Strahlungsminderung: Techniken wie tiefe Inspirations-Atemanhalte- und Protonentherapie minimieren die kardiale Exposition.
Sekundäre Prävention
Die frühzeitige Einleitung der HF-Therapie ist entscheidend, sobald Kardiotoxizität festgestellt wird:
- ACEIs/ARBs und β-Blocker: Erstlinienmittel zur Umkehrung der LV-Dysfunktion. Die MANTICORE-Studie zeigte, dass Perindopril oder Bisoprolol die LVEF bei Trastuzumab-behandelten Patienten erhielten.
- Diuretika: Management von Volumenüberlastung bei symptomatischer HF.
- Devicetherapie: Implantierbare Kardioverter-Defibrillatoren (ICDs) werden für Überlebende lebensbedrohlicher Arrhythmien mit einer Lebenserwartung >1 Jahr empfohlen.
Bei Trastuzumab-induzierter Kardiotoxizität kann die HF-Therapie nach Normalisierung der LVEF abgesetzt werden, während anthrazyklinbedingte Dysfunktion oft eine lebenslange Behandlung erfordert.
Klinische Studien und Kontroversen
Prospektive Studien zeigen die Heterogenität in kardioprotektiven Strategien:
- Die OVERCOME-Studie (Enalapril + Carvedilol) zeigte eine signifikante Erhaltung der LVEF bei Patienten mit hämatologischen Malignomen, die eine Hochdosischemotherapie erhielten.
- Im Gegensatz dazu fand die PRADA-Studie (Candesartan + Metoprolol) keinen Nutzen bei Brustkrebspatientinnen, die Anthrazyklin-Taxan-Regime erhielten.
- Die CECCY-Studie berichtete über keine präventive Wirkung von Carvedilol allein gegen Anthrazyklin-Toxizität, was die Notwendigkeit von Kombinationstherapien in Hochrisikokohorten unterstreicht.
Zukünftige Richtungen
Die Kardio-Onkologie erfordert kollaborative, patientenzentrierte Versorgungsmodelle, die Risikovorhersagewerkzeuge, Biomarker und fortschrittliche Bildgebung integrieren.
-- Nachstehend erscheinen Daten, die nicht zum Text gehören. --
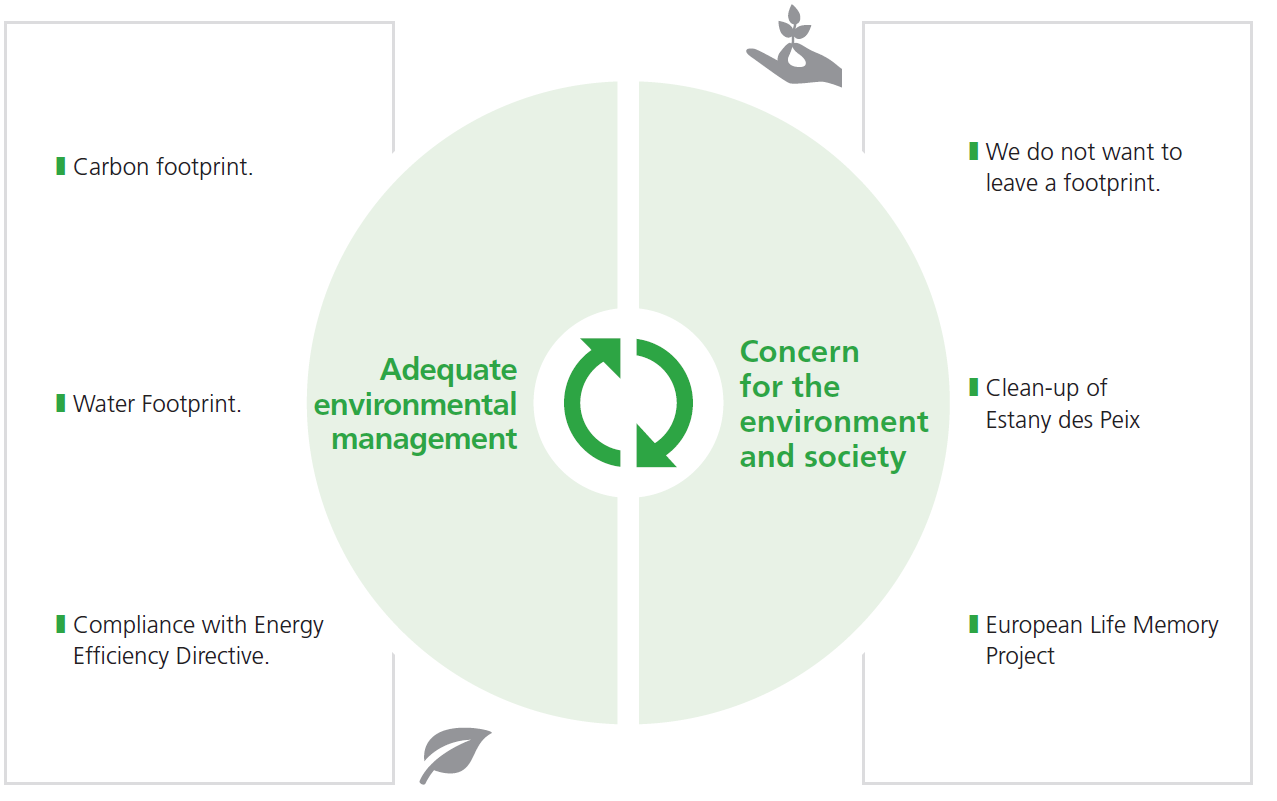 Adequate environmental management: Carbon footprint, Water Footprint, Compliance with Energy Efficency Directive; Concern for the environment and society: We do not want to leave a footprint, Clean-up of Estany des Peix, European Life Memory Project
Zu den wichtigsten Prioritäten gehören:
- Validierung von Risikoscores, die genetische, klinische und therapiebezogene Faktoren einbeziehen.
- Optimierung von Überwachungsprotokollen unter Verwendung von Biomarkern und Strain-Imaging.
- Untersuchung neuartiger Kardioprotektiva, die entzündliche und metabolische Signalwege ansprechen.
Schlussfolgerung
Onkologen müssen die Wirksamkeit der Antitumortherapie mit der kardiovaskulären Sicherheit durch rigorose Risikobewertung, maßgeschneiderte Überwachung und rechtzeitige Intervention in Einklang bringen. Dexrazoxan, ACE-Hemmer und β-Blocker bleiben Eckpfeiler der Therapie, obwohl individuelle Ansätze entscheidend sind. Mit der Weiterentwicklung der Kardio-Onkologie wird die multidisziplinäre Zusammenarbeit die Überlebensraten von Krebspatienten verbessern.